▸ Problem to work on: Copy out exactly the stretch below, from the line with "Kerstballen glas shiny-matt, assortie, Ø" through the line with "COSIDEA 14 tubos", both included; the pictures stay out.

** Data supplied follows **

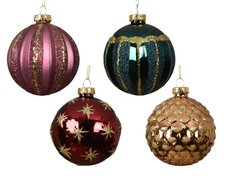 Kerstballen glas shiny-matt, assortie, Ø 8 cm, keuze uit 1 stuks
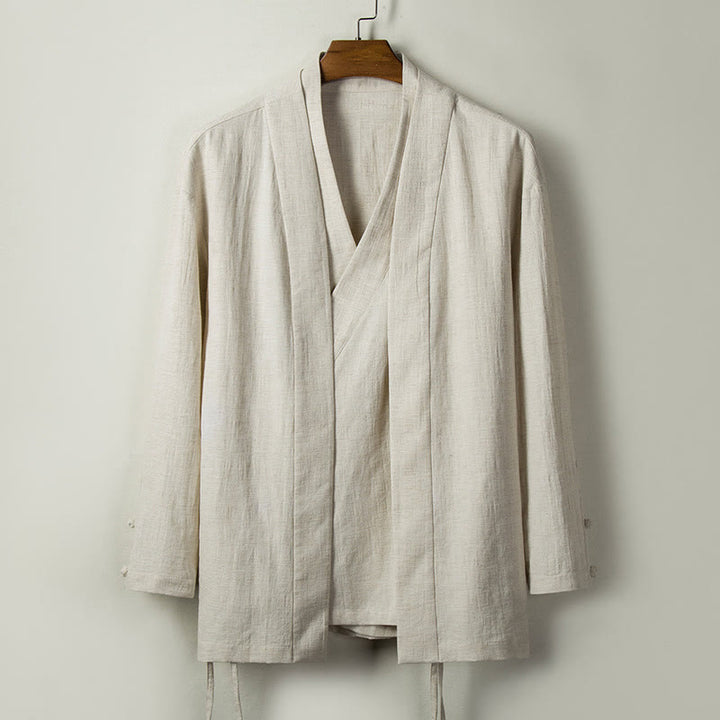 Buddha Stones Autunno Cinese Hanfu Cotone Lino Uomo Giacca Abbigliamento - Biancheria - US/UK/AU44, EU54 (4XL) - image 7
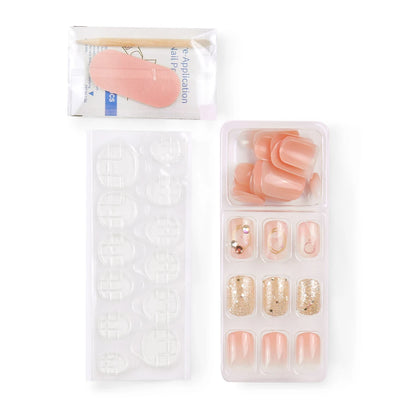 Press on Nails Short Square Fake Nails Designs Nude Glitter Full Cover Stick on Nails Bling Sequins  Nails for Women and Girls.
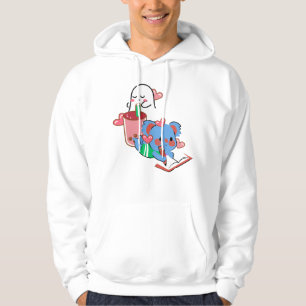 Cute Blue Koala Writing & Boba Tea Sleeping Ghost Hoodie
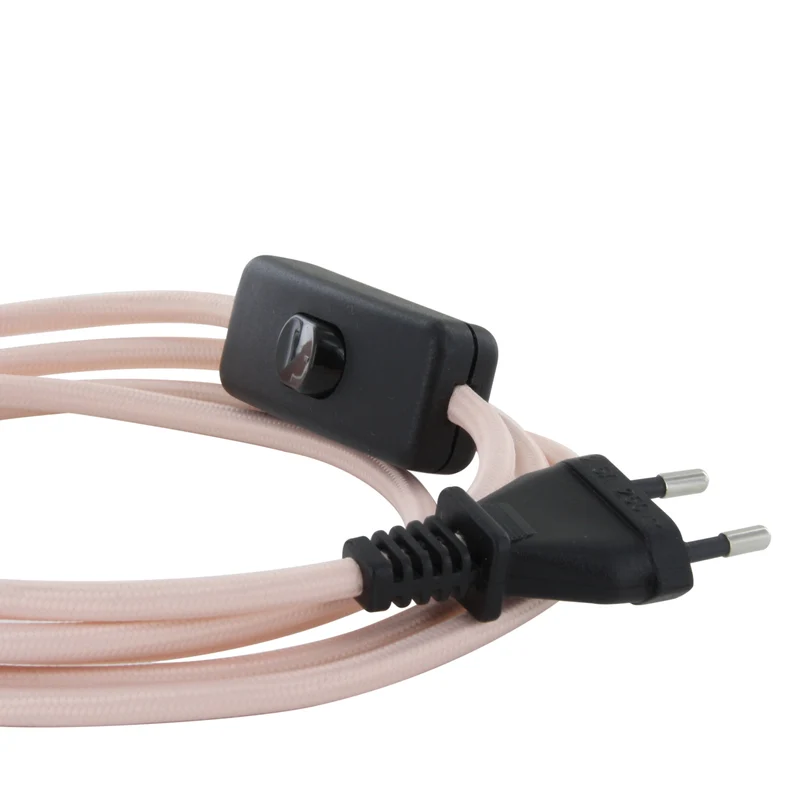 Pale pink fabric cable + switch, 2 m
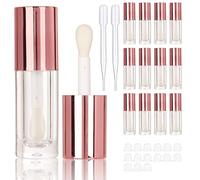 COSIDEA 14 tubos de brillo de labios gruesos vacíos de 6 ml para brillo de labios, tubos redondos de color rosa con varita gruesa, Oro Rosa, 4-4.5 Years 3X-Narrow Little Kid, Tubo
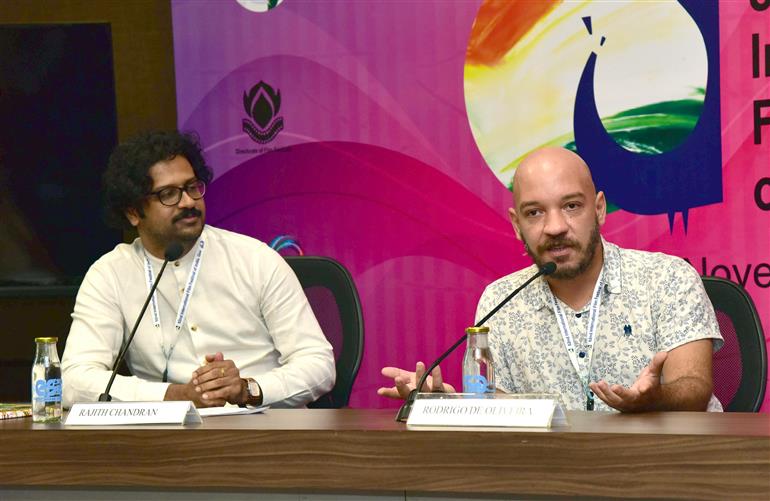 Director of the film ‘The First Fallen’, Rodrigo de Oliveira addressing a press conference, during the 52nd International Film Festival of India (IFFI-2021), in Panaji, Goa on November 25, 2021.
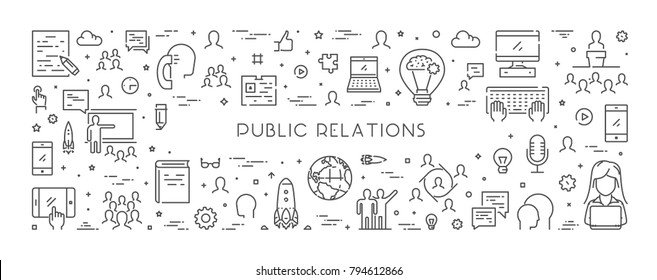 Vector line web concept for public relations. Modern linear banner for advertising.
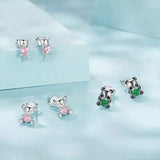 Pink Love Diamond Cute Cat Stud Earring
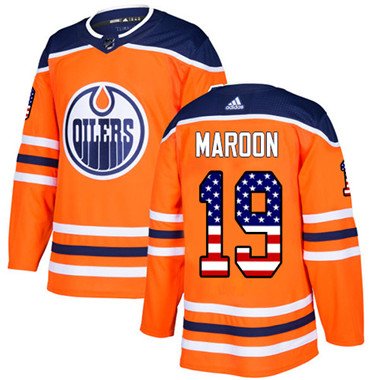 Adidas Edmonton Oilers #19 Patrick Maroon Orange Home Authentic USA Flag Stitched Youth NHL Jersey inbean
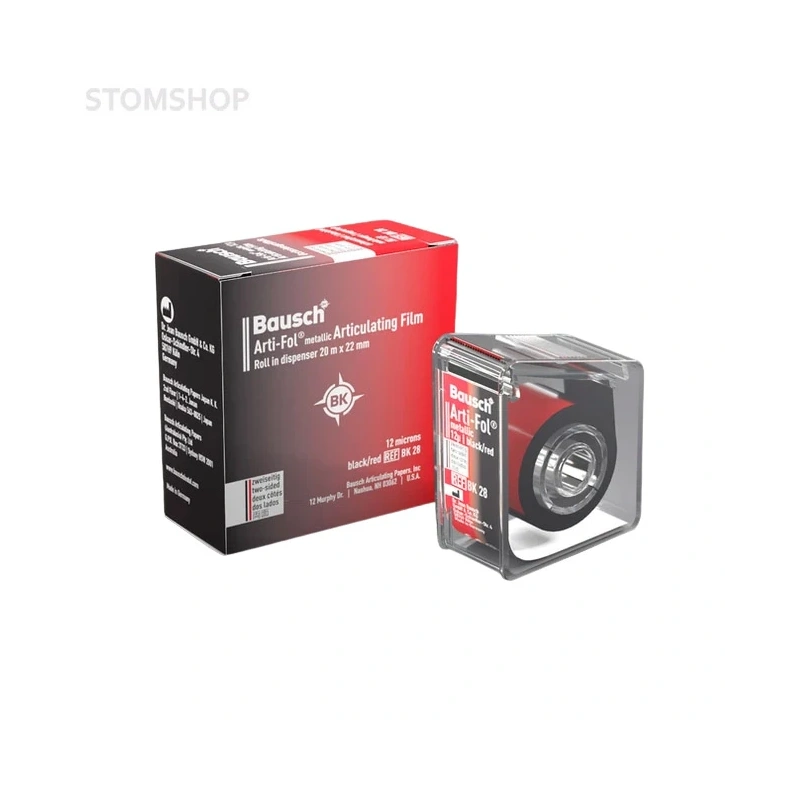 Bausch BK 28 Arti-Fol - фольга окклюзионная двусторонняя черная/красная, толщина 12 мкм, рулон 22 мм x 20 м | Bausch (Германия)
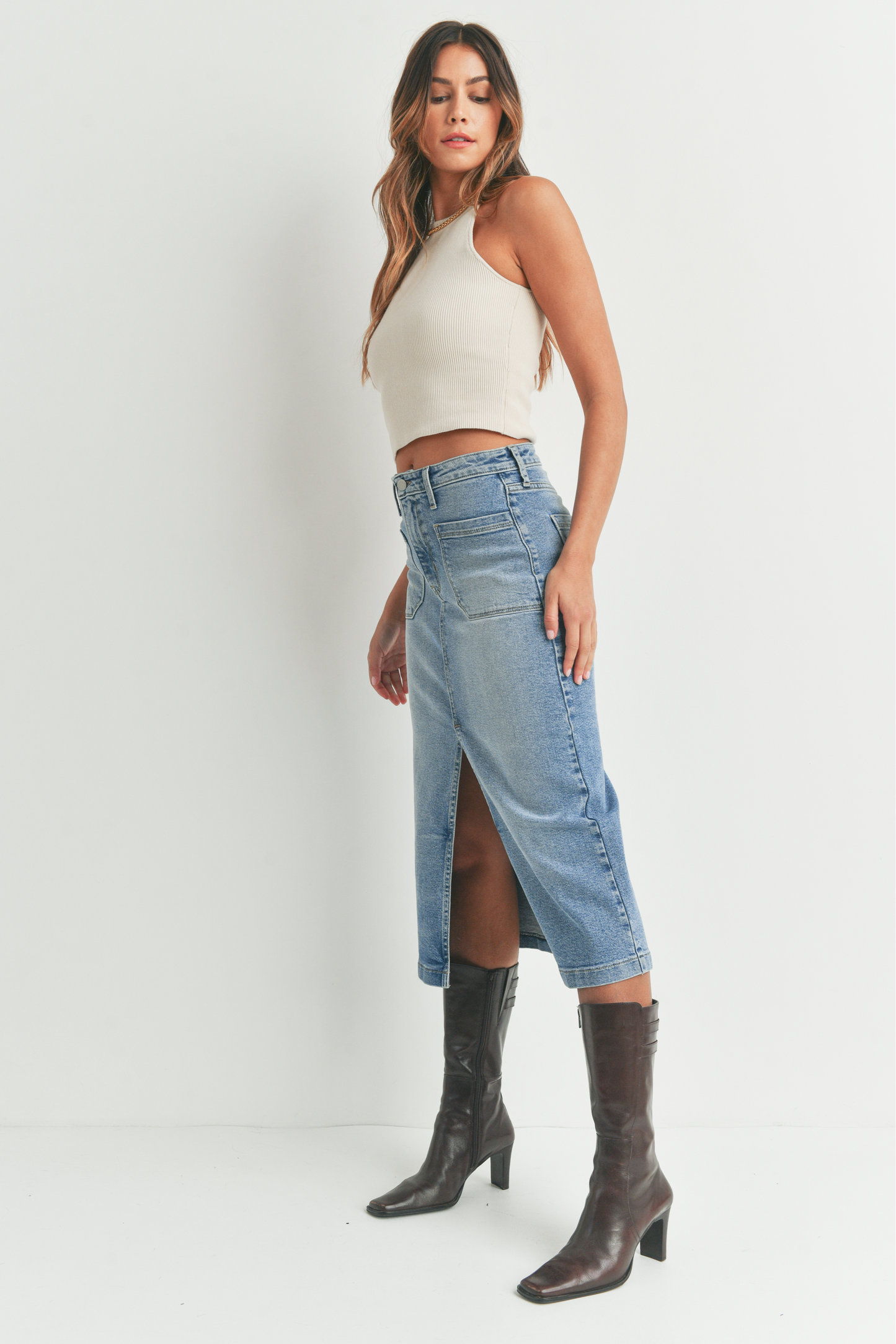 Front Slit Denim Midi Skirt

** End of Data supplied **
** Data supplied follows **

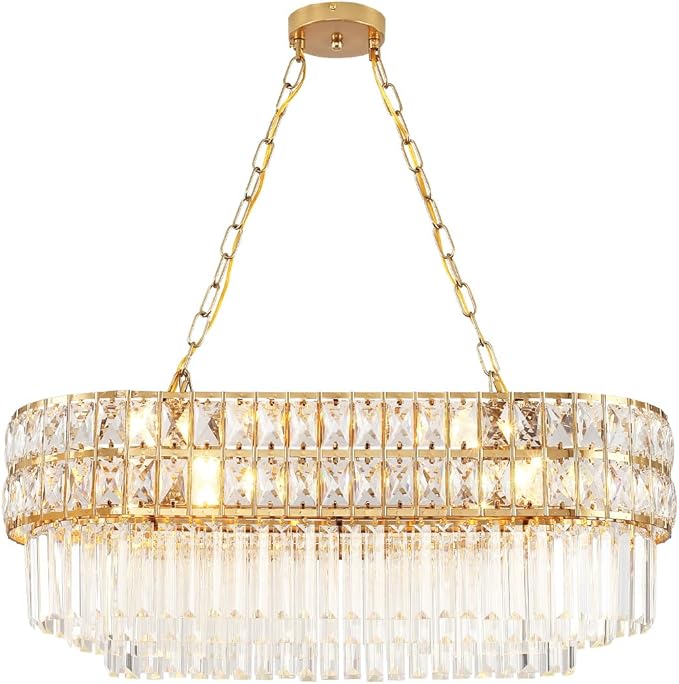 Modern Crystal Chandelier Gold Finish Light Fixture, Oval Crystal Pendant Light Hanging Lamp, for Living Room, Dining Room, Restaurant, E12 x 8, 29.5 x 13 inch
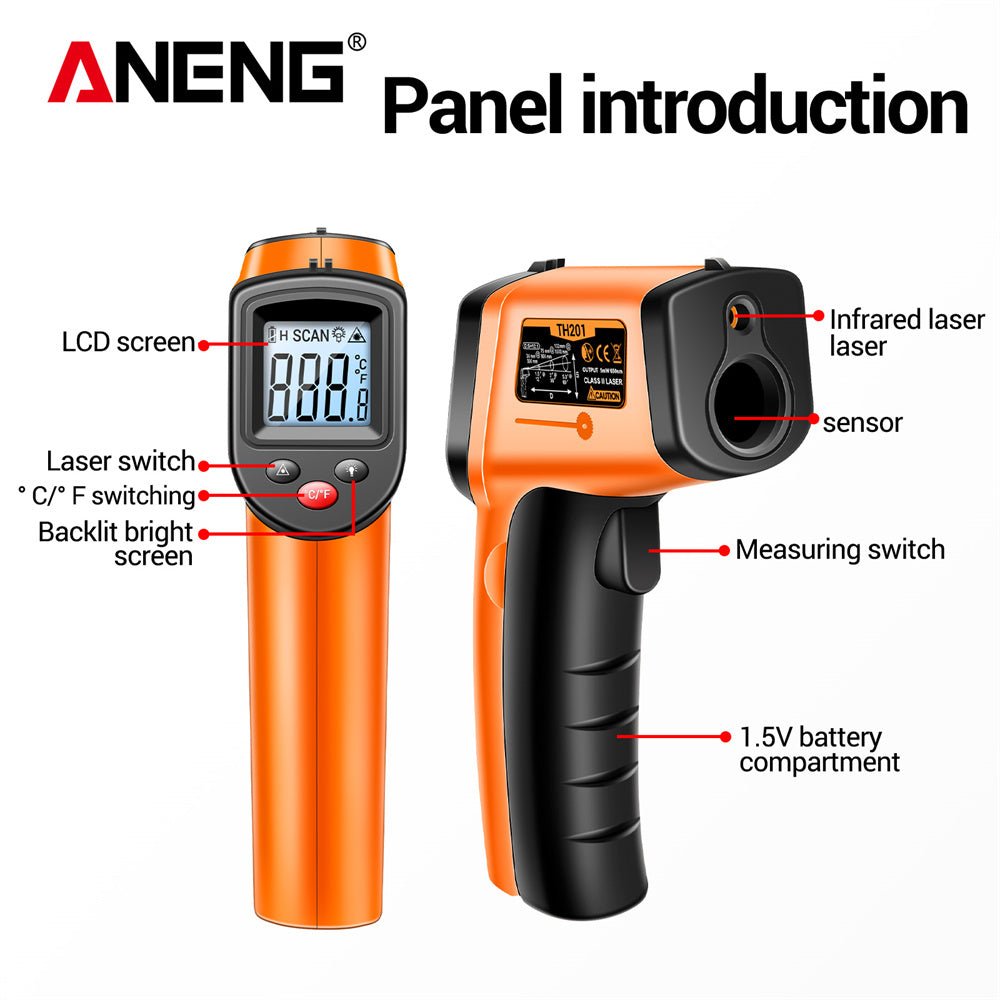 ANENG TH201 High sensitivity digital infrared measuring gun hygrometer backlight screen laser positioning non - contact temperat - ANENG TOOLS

** End of Data supplied **

▸ Problem solution:
 Kerstballen glas shiny-matt, assortie, Ø 8 cm, keuze uit 1 stuks
 Buddha Stones Autunno Cinese Hanfu Cotone Lino Uomo Giacca Abbigliamento - Biancheria - US/UK/AU44, EU54 (4XL) - image 7
 Press on Nails Short Square Fake Nails Designs Nude Glitter Full Cover Stick on Nails Bling Sequins  Nails for Women and Girls.
 Cute Blue Koala Writing & Boba Tea Sleeping Ghost Hoodie
 Pale pink fabric cable + switch, 2 m
 COSIDEA 14 tubos de brillo de labios gruesos vacíos de 6 ml para brillo de labios, tubos redondos de color rosa con varita gruesa, Oro Rosa, 4-4.5 Years 3X-Narrow Little Kid, Tubo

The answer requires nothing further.